Data =
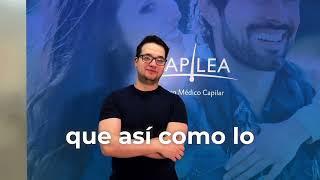 TESTIMONIO INJERTO CAPILAR/CAPILEA MEXICO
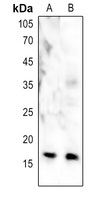 Anti-CENPA Antibody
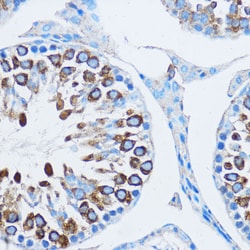 Invitrogen YBX1 Polyclonal Antibody 100 &mu;L; Unconjugated:Antibodies,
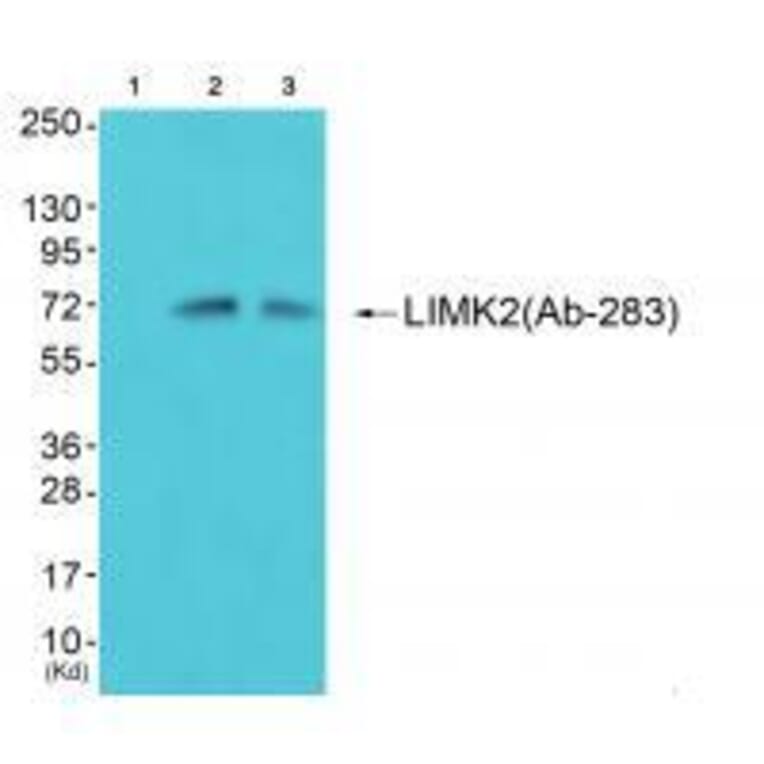 Western blot - LIMK2 (Ab-283) Antibody from Signalway Antibody (33218) - Antibodies.com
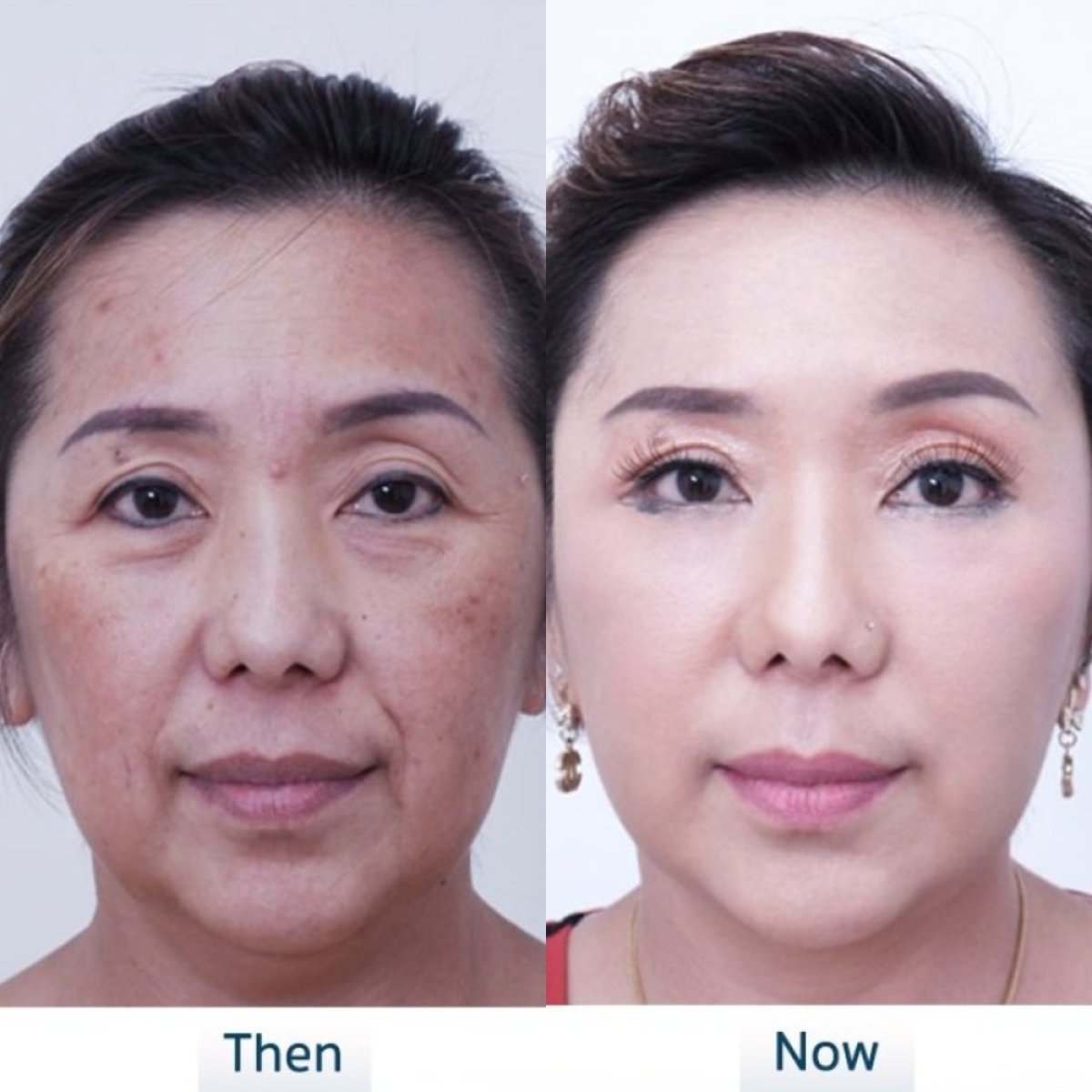 Resultados de lifting facial antes y después en Asia Cosmetic Hospital, rejuvenecimiento visible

Assignment =
Set down exactly, with no additions, each line from the line that includes "Anti-CENPA Antibody" to the final line of the entries above; leave pictures out.

Output below =
 Anti-CENPA Antibody
 Invitrogen YBX1 Polyclonal Antibody 100 &mu;L; Unconjugated:Antibodies,
 Western blot - LIMK2 (Ab-283) Antibody from Signalway Antibody (33218) - Antibodies.com
 Resultados de lifting facial antes y después en Asia Cosmetic Hospital, rejuvenecimiento visible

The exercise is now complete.